Alors que le soleil commence son retrait, je me demande encore ce que j'ai fais. De mon lit, j'observe ma main. Elle est rose. J'ai l'impression qu'elle gonfle. C'est une douleur invisible que je ressens bien trop. J'essaie de resserrer cette main, en vain. Je n'y arrive pas.
Je me souviens encore de son visage.
Je frappais son nez. Le sang coulait après seulement quelques coups. Ses yeux étaient clos mais ses sourcils froncés dénonçait la haine qu'il portait intérieurement pour moi. Il avait dû abandonner physiquement. Malgré tout, je continuais, prise d'un sentiment de rage mélangé à une cuillère de plaisir et à une pincée de culpabilité. C'est alors qu'elle fut arrivée.

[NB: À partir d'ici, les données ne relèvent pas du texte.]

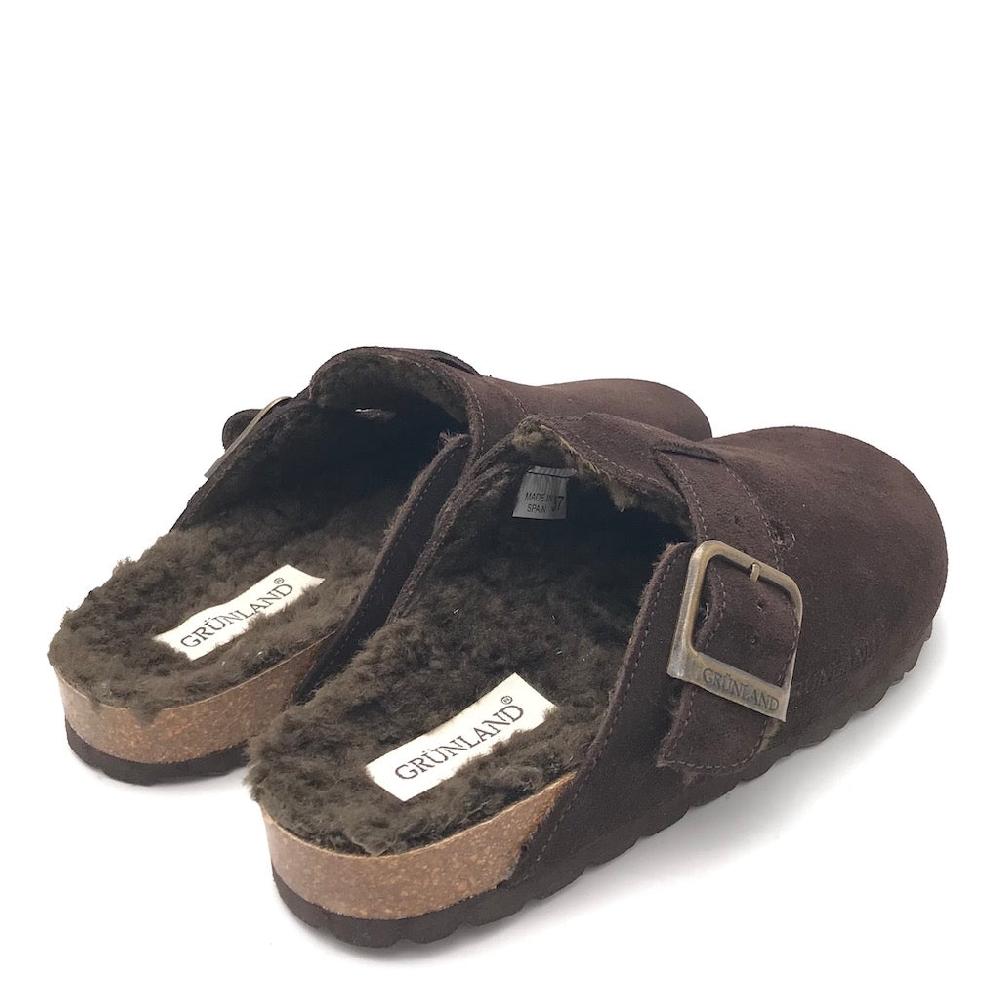 Zulian Calzature Ciabatta Sara shearling testa moro Promozione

Elle l'a sauvé. Elle m'a sauvée. Elle m'a arrêtée de cette frénésie douteuse.
Que devient-elle ? J'aimerais le savoir. Mais je ne peux pas.
Je me rappelle de son visage. Elle n'était pas en colère. Elle n'était pas écœurée. Elle était déçue. Déçue de mon acte. Déçue de cette violence. Déçue de moi.
J'ai peur de la contacter. Je ne veux pas la décevoir davantage. Pourtant, mon sentiment de vide est toujours là. J'ai besoin d'elle. J'ai besoin de cette chaleur qu'elle a pu me fournir.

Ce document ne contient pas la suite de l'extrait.